Yale administrators admitted error in making a collection of confidential security documents available to over 40,000 people in the Yale community.
Deputy Secretary for the University Martha Highsmith, who oversees Yale’s emergency operations, told the News Wednesday that some of the documents were online by mistake, and attributed their wide availability to an access-code error that allowed any user with a net ID to view the documents.
“It could have been a human error, it could have been a software error,” she said. “We just don’t know.”
Highsmith said Information Technology Services representatives are currently assessing the problem, and determining how to fix it. While some of the documents “clearly should not have been public,” Highsmith said, community members have contacted her in the past week to express relief that the University has emergency plans in place.

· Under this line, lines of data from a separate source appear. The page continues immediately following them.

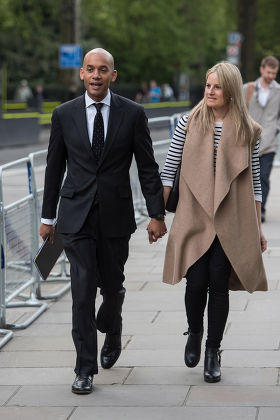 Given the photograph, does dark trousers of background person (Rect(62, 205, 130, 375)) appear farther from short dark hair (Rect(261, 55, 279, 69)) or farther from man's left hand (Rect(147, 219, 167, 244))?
short dark hair (Rect(261, 55, 279, 69))

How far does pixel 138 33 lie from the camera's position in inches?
2226

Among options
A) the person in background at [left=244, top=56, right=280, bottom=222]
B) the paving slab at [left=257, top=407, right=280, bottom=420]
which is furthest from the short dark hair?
the paving slab at [left=257, top=407, right=280, bottom=420]

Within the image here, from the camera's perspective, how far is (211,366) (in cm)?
546

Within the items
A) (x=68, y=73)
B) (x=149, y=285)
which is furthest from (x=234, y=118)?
(x=68, y=73)

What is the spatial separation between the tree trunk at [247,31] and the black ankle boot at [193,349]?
29.1m

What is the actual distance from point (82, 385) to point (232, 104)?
161 centimetres

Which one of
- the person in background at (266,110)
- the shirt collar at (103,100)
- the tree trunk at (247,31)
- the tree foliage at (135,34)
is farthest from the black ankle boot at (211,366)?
the tree foliage at (135,34)

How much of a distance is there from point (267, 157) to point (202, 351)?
518cm

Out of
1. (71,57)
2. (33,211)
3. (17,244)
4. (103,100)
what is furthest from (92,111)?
(71,57)

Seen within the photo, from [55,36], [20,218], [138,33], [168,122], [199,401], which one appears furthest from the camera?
[138,33]

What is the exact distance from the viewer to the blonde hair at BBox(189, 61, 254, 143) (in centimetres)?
527

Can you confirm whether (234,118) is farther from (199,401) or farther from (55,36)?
(55,36)

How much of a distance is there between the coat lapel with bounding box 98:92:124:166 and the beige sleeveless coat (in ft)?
1.22

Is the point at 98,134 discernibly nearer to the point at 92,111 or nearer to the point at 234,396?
the point at 92,111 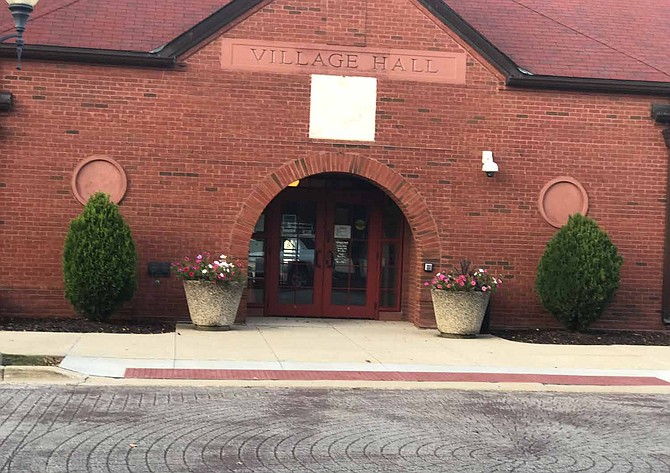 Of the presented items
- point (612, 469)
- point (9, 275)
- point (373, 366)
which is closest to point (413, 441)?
point (612, 469)

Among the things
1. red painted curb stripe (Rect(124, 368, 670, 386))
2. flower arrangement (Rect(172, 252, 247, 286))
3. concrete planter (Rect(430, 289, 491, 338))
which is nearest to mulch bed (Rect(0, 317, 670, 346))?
concrete planter (Rect(430, 289, 491, 338))

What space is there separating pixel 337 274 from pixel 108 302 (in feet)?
14.4

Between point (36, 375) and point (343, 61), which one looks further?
point (343, 61)

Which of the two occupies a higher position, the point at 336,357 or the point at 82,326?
the point at 82,326

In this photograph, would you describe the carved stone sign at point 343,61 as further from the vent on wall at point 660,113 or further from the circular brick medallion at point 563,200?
the vent on wall at point 660,113

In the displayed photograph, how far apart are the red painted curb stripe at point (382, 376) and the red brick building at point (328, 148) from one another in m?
4.29

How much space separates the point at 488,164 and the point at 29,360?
792 cm

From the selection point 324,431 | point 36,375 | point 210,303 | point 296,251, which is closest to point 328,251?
point 296,251

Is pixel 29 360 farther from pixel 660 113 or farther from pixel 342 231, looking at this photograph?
pixel 660 113

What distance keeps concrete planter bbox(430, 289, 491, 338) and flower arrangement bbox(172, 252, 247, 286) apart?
3.18 metres

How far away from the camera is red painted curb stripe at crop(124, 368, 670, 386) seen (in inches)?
374

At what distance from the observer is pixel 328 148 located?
557 inches

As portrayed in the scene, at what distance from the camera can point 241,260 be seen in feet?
45.9

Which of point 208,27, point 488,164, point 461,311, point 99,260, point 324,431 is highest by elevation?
point 208,27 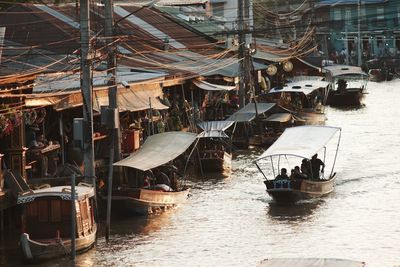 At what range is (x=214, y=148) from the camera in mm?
41031

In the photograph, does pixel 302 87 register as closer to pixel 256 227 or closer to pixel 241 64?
pixel 241 64

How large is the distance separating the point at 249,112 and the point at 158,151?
570 inches

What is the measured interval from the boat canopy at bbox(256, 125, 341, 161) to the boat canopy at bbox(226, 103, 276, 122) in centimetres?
824

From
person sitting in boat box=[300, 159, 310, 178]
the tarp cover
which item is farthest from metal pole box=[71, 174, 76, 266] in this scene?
person sitting in boat box=[300, 159, 310, 178]

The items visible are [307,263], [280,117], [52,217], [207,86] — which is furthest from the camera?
[207,86]

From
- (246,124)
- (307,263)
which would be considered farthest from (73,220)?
(246,124)

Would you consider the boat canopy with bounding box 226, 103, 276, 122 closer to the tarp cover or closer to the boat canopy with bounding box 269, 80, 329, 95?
the boat canopy with bounding box 269, 80, 329, 95

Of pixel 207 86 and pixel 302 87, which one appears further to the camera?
pixel 302 87

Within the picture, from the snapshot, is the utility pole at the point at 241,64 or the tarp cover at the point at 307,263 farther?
the utility pole at the point at 241,64

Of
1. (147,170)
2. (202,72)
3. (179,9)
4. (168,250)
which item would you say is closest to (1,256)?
(168,250)

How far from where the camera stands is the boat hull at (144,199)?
30.1 metres

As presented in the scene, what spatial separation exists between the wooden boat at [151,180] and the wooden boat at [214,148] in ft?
19.6

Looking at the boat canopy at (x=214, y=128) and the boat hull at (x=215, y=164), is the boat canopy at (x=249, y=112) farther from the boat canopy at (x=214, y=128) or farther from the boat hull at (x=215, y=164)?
the boat hull at (x=215, y=164)

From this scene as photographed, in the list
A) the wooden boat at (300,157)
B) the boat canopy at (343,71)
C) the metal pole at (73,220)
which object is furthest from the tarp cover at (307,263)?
the boat canopy at (343,71) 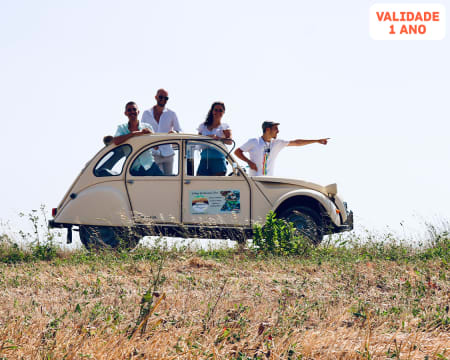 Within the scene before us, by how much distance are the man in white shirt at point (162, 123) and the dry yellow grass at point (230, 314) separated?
108 inches

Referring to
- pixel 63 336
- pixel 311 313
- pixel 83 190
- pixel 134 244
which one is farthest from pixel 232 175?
pixel 63 336

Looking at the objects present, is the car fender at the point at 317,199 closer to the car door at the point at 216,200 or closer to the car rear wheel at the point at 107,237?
the car door at the point at 216,200

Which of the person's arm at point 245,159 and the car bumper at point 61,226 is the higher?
the person's arm at point 245,159

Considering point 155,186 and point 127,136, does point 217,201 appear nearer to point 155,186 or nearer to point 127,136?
point 155,186

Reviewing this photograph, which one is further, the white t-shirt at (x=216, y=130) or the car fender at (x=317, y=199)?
the white t-shirt at (x=216, y=130)

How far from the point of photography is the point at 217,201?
965 centimetres

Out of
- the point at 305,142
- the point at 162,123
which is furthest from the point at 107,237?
the point at 305,142

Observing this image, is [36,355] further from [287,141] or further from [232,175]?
[287,141]

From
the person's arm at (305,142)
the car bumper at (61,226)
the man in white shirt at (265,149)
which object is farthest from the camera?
the car bumper at (61,226)

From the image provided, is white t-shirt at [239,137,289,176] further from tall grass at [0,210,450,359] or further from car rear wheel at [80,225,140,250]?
car rear wheel at [80,225,140,250]

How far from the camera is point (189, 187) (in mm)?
9727

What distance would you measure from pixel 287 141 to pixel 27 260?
500cm

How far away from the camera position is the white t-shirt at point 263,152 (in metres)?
9.95

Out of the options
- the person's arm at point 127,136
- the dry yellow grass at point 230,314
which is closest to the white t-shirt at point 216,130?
the person's arm at point 127,136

Highsmith said the next step is to determine which documents can be put back online for the public to see and whether to post redacted versions of other files.

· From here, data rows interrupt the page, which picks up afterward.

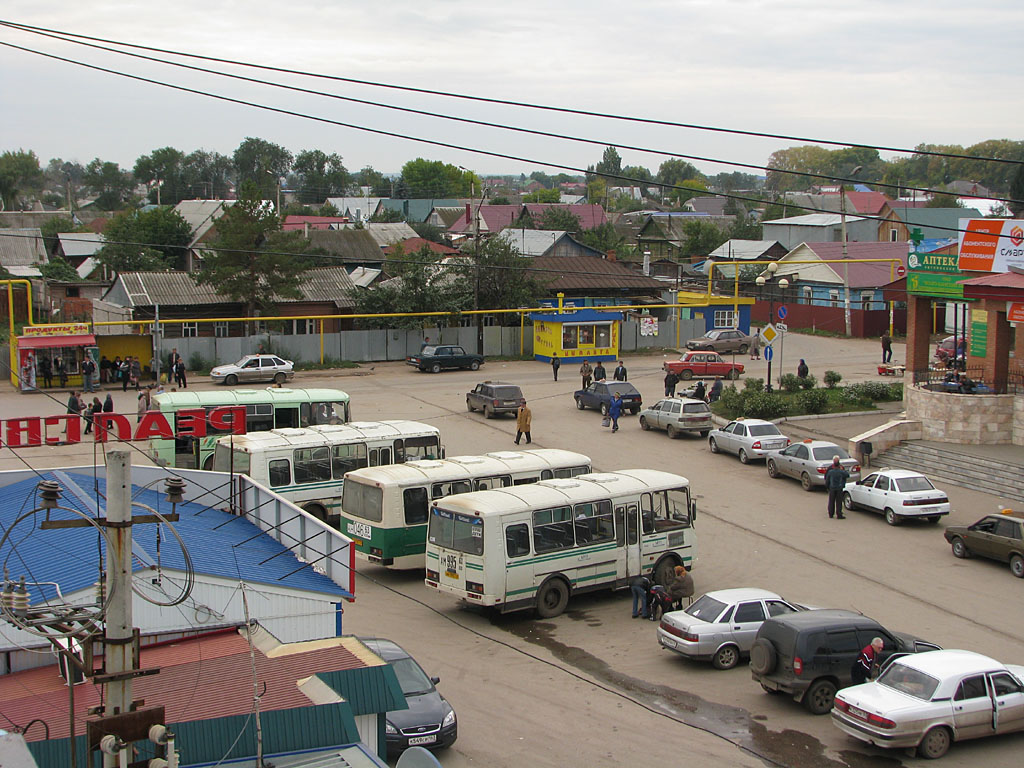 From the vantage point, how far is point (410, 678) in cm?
1322

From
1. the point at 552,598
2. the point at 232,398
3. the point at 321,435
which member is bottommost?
the point at 552,598

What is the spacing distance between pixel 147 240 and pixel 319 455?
6174 centimetres

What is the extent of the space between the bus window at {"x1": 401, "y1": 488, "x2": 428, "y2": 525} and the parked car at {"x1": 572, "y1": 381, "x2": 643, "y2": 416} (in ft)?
55.2

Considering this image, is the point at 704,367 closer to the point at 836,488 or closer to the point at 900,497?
the point at 836,488

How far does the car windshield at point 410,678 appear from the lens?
13.0 meters

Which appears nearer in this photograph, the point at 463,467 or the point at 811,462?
the point at 463,467

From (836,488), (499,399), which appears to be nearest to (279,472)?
(836,488)

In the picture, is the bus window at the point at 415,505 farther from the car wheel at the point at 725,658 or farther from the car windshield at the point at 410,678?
the car wheel at the point at 725,658

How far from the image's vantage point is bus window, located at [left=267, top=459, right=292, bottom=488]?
73.5 feet

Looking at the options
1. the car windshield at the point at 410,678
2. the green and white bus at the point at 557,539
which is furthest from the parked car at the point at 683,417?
the car windshield at the point at 410,678

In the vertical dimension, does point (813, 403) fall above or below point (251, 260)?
below

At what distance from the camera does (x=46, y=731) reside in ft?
27.9

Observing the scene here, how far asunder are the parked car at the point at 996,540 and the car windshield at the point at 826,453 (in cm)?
543

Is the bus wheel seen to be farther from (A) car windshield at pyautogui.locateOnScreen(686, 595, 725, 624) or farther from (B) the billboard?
(B) the billboard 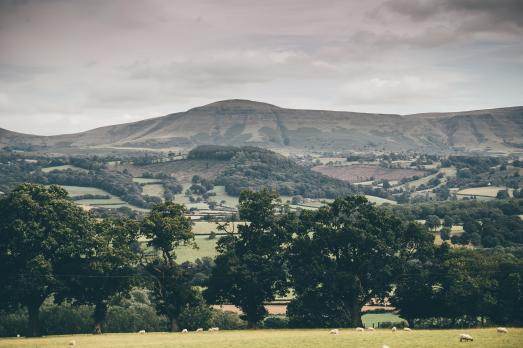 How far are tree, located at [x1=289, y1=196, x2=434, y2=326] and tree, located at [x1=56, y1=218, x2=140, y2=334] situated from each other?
19.1 meters

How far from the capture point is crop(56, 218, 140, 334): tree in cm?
7750

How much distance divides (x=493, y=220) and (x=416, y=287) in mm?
90811

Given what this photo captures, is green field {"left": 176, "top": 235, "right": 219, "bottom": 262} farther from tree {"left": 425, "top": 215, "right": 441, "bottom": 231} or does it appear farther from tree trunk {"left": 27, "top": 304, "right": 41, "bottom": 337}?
tree trunk {"left": 27, "top": 304, "right": 41, "bottom": 337}

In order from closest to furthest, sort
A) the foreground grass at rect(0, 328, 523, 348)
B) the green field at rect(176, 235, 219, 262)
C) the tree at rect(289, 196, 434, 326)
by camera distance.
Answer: the foreground grass at rect(0, 328, 523, 348) < the tree at rect(289, 196, 434, 326) < the green field at rect(176, 235, 219, 262)

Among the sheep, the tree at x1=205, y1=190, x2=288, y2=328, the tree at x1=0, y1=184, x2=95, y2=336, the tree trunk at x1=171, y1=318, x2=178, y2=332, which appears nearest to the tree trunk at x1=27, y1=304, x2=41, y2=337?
the tree at x1=0, y1=184, x2=95, y2=336

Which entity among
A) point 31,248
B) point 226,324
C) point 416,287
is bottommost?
point 226,324

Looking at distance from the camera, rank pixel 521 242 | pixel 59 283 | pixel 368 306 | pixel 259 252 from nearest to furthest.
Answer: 1. pixel 59 283
2. pixel 259 252
3. pixel 368 306
4. pixel 521 242

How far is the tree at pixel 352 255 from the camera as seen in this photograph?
260 feet

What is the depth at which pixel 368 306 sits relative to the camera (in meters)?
99.0

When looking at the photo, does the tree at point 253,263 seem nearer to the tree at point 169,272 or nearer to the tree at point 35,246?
the tree at point 169,272

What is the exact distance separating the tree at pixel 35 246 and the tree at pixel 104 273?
103cm

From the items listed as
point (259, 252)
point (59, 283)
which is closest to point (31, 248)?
point (59, 283)

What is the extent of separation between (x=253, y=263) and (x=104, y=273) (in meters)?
17.0

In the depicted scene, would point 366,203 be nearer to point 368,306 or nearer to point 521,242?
point 368,306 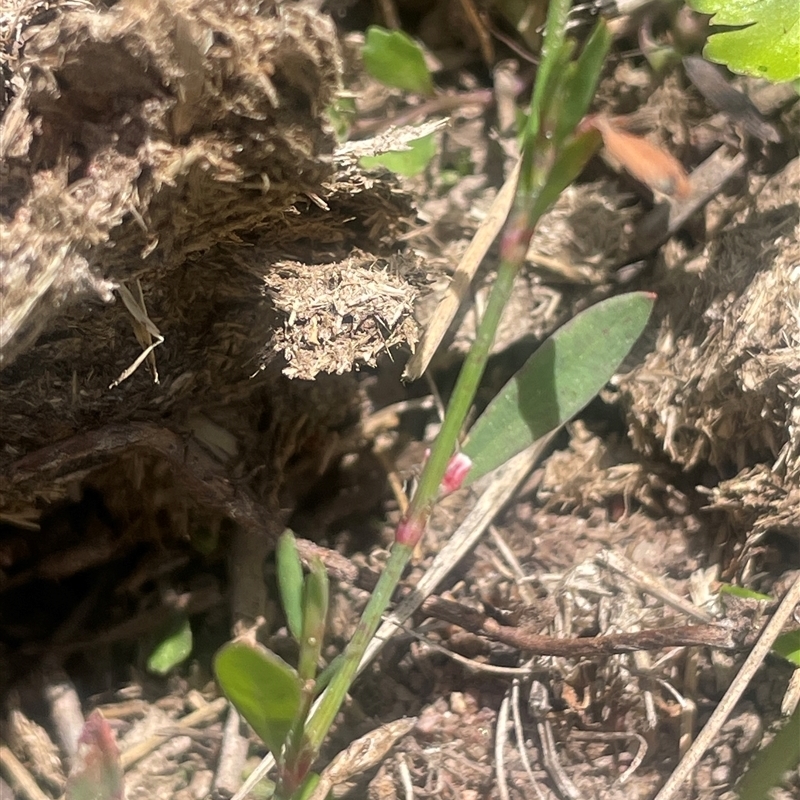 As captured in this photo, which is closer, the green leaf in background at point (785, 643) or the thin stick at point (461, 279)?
the green leaf in background at point (785, 643)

“I think there is information that would be helpful to everyone in the community,” she said.
Still, Highsmith said the most sensitive information, such as meeting locations for the Emergency Operations Team — the group of administrators charged with coordinating emergency responses — was not included in the leak. The 35-page Emergency Operations Plan labeled “September 2010” did include this information, but Highsmith said that, by February, it was already outdated.

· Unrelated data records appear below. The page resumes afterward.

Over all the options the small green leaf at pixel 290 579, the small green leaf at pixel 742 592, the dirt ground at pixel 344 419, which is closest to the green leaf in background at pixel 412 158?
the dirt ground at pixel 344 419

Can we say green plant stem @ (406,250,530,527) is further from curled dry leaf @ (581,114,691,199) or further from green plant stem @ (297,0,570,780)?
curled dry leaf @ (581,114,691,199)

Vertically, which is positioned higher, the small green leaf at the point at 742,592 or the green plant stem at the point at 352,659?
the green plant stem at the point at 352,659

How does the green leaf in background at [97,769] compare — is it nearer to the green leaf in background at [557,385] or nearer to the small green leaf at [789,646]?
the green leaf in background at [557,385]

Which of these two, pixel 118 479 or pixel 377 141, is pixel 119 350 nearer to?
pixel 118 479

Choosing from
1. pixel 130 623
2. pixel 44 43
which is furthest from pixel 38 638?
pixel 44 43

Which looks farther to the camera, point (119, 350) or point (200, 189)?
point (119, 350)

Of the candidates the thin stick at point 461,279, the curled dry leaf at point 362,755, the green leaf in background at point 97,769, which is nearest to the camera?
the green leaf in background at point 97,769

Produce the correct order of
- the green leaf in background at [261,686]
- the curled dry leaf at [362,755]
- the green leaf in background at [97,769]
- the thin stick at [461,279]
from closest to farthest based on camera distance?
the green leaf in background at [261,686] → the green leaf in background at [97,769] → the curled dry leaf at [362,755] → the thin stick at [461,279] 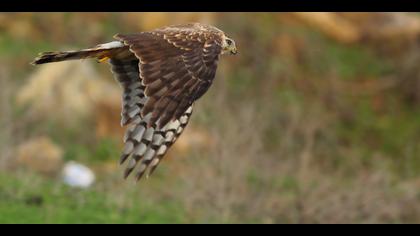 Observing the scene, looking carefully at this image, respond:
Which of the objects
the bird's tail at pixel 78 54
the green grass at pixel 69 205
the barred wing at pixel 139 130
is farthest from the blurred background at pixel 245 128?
the bird's tail at pixel 78 54

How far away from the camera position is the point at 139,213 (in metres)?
12.9

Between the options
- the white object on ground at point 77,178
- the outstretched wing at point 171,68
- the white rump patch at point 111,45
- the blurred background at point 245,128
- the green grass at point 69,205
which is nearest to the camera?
the outstretched wing at point 171,68

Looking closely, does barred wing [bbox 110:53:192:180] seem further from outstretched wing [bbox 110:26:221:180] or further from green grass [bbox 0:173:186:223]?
green grass [bbox 0:173:186:223]

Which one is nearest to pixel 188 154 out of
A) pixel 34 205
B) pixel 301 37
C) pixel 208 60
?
pixel 34 205

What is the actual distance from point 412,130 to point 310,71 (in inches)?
112

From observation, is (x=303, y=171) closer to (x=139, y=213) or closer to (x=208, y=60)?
(x=139, y=213)

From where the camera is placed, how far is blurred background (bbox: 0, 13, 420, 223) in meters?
14.0

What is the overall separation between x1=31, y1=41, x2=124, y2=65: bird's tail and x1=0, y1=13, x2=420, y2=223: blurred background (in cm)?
426

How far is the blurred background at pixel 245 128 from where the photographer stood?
14047 mm

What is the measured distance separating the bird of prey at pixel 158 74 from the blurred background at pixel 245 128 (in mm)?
3524

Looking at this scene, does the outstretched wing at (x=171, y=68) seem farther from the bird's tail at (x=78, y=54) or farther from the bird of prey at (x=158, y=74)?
the bird's tail at (x=78, y=54)

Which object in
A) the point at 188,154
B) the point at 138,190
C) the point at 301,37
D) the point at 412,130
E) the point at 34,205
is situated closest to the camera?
the point at 34,205

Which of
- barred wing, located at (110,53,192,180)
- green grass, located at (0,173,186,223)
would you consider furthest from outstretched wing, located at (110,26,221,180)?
green grass, located at (0,173,186,223)

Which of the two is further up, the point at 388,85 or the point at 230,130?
the point at 388,85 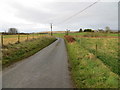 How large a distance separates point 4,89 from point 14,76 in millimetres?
1323

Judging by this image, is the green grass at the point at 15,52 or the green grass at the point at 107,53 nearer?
the green grass at the point at 107,53

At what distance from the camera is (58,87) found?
193 inches

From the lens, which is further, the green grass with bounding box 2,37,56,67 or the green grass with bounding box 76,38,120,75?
the green grass with bounding box 2,37,56,67

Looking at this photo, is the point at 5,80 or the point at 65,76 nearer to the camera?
the point at 5,80

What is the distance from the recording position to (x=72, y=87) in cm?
489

University Secretary Linda Lorimer said the University is exploring ways to securely post the confidential information.
“However,” she added, “if we find we cannot be confident of an online secure site, we will just continue to rely on the old-fashioned way: Hard copies of the Red Emergency Notebook.”
Lorimer called the access-code error an “innocent” but “serious” one.
While Highsmith said that contact information and location-specific details are too sensitive to be online, the most important parts of the plan are unwritten: The essential pieces of Yale’s emergency management lie in the EOT’s preparation and not in any document, she said.
Last Monday afternoon, the News told Highsmith that potentially sensitive information on the Emergency Management website was widely accessible. Highsmith said at the time that at least some of the documents were intentionally available to raise awareness of the University’s level of preparation. The link to the documents was removed from the site the following day.
“I’m sure there was a lot of information that was perfectly okay to be public,” University President Richard Levin said of Yale’s mistake. “Obviously some of it was not appropriate.”
Two outside security analysts concurred with Levin. Dolores Stafford, the president and CEO of D. Stafford and Associates, a consulting firm specializing in campus safety and security, said that the most sensitive information was the contact information for top University officials and instructions for operating the emergency communications system.
Yale’s cache of security documents is not unique. Harvard University maintains a completely public emergency management website, which contains tips for how to handle major incidents such as explosions or flooding. The website also contains links to Harvard’s online Emergency Operations Center, which is only accessible to certain administrators, and a server of emergency planning resources. The latter link, whose online description is analogous to Yale’s collection of formerly available documents, is not accessible to undergraduates.
In addition to contact information and the Emergency Operations Plan, the online server also included Yale’s Facebook and Twitter passwords.
Drew Henderson contributed reporting.